Fortunately, several deep supervised audio SS models exist such as ConvTasNet (Convolutional Time-Domain Audio Separation Network), DPRNNTasNet (Dual-path Recurrent Neural Network Time-Domain Audio Separation Network), and SuDORMRFNet (Successive Downsampling and Resampling of Multi-Resolution Features Network) where ConvTasNet and SuDORMRFNet use convolutional neural networks (CNN) and DPRNNTasNet uses a recurrent neural network (RNN) (Luo & Mesgarani, 2019; Luo, Chen & Yoshioka, 2020; Tzinis, Wang & Smaragdis, 2020). While these and several other supervised SS models exist, the overwhelming majority of these models require clean signals from each source as the ground truth for training. This is seen in the music SS dataset MUSDB18 where each instrument is recorded separately and without interference (Rafii et al., 2017). However, for birdsong SS, obtaining a clean signal of both the birdsongs and the background is challenging because the recording does not occur in a controlled environment. (Priyadarshani et al., 2016; Wang, Venkataramani & Smaragdis, 2020; Dai et al., 2021).

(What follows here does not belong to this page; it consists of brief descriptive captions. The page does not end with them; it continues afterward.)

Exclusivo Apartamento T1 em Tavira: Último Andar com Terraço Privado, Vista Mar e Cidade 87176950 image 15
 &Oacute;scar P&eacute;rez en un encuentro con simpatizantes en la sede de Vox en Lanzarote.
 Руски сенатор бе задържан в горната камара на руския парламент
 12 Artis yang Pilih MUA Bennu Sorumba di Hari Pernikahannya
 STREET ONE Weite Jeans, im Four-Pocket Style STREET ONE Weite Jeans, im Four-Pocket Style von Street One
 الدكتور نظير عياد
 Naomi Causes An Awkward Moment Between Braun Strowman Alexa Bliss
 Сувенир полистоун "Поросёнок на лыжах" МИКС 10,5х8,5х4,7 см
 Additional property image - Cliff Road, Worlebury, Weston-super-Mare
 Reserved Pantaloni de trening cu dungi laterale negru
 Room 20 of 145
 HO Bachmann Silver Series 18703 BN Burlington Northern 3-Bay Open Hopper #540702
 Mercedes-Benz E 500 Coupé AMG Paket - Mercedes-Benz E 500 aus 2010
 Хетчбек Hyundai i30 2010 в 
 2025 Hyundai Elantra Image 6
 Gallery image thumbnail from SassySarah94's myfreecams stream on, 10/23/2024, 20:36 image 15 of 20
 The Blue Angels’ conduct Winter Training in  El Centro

And, if SS models are trained on audio with even a little interference, the final output will have that same interference (Lones, 2023).

Conveniently, several publicly-available birdsong datasets exist with cleanly-recorded birdsongs, and some approaches have trained deep supervised SS models on these datasets. By mixing together different species of animals whose vocalizations interfere, these approaches were successfully able to separate the different vocalizations (Izadi, Stevenson & Kloepper, 2020; Bermant, 2021; Zhang et al., 2022). However, due to site-specific variations in birdsongs and background noise, these approaches’ practicality for actual field use is questionable. We show that ideally, each source separation model should be fine-tuned for the recording sites of interest to account for this variation.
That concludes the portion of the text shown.